Explain the status of the United States after WWII as a superpower, including its leading economic role and its Cold War competition with Russia.

After the Second World War, the United States emerged, along with the Soviet Union, as one of the world's superpowers. With Germany and Japan in ruins, and Great Britain having expended all of its resources to fight the war against Germany, the United States, removed from the carnage and destruction directly, gained great geopolitical as well as economic clout. Politically, the United States and the Soviet Union clashed over the future of Eastern Europe. The Soviets under Stalin wished to create a buffer zone of communist states between its borders and Western Europe. But after receiving false promises from Stalin that democratic elections would be allowed in Poland, the United States interpreted the expansion of communism into Eastern Europe as aggression that had to be met with firmness. So by the late 1940s, Europe was divided between a communist bloc of states under Soviet influence and the West, which was heavily influenced by the United States. 


The economic role of the United States was itself shaped by this situation. The United States economy boomed during the war, as it expanded to meet the needs of its own people and armed forces as well as that of the Allies. American bankers as well as the federal government extended massive loans to American allies, and shortly after the war's end, the US government poured billions of aid into Western Europe in the form of the Marshall Plan. American manufactured goods duly poured into Western Europe as well as Japan (especially with the onset of the Korean War) and the American economy, far from experiencing a postwar depression predicted by many observers, actually expanded dramatically during the 1950s. 

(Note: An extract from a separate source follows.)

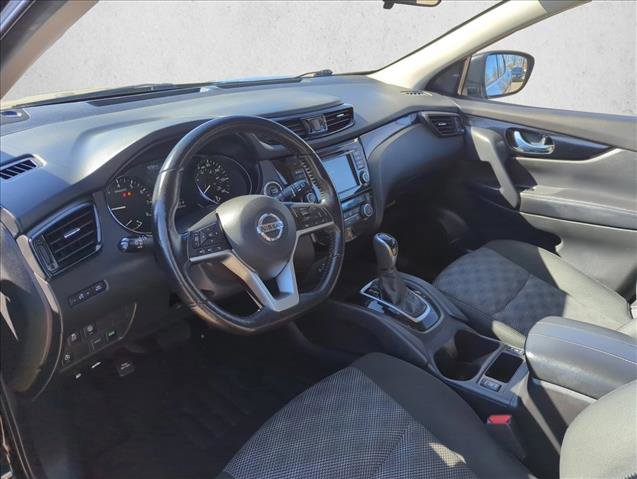 Used 2021 Nissan Rogue Sport SV image 11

The United States exercised its powers through the institutions designed to establish a new global postwar order--the United Nations, NATO (established in the late 1940s) and the International Monetary Fund. The United States had been expanding throughout the twentieth century, but World War II was the pivotal event in establishing the nation as a global superpower whose influence was rivaled only by its Cold War adversary the Soviet Union. The isolationism of the prewar era was a thing of the past, and the United States was inextricably entwined with events around the world.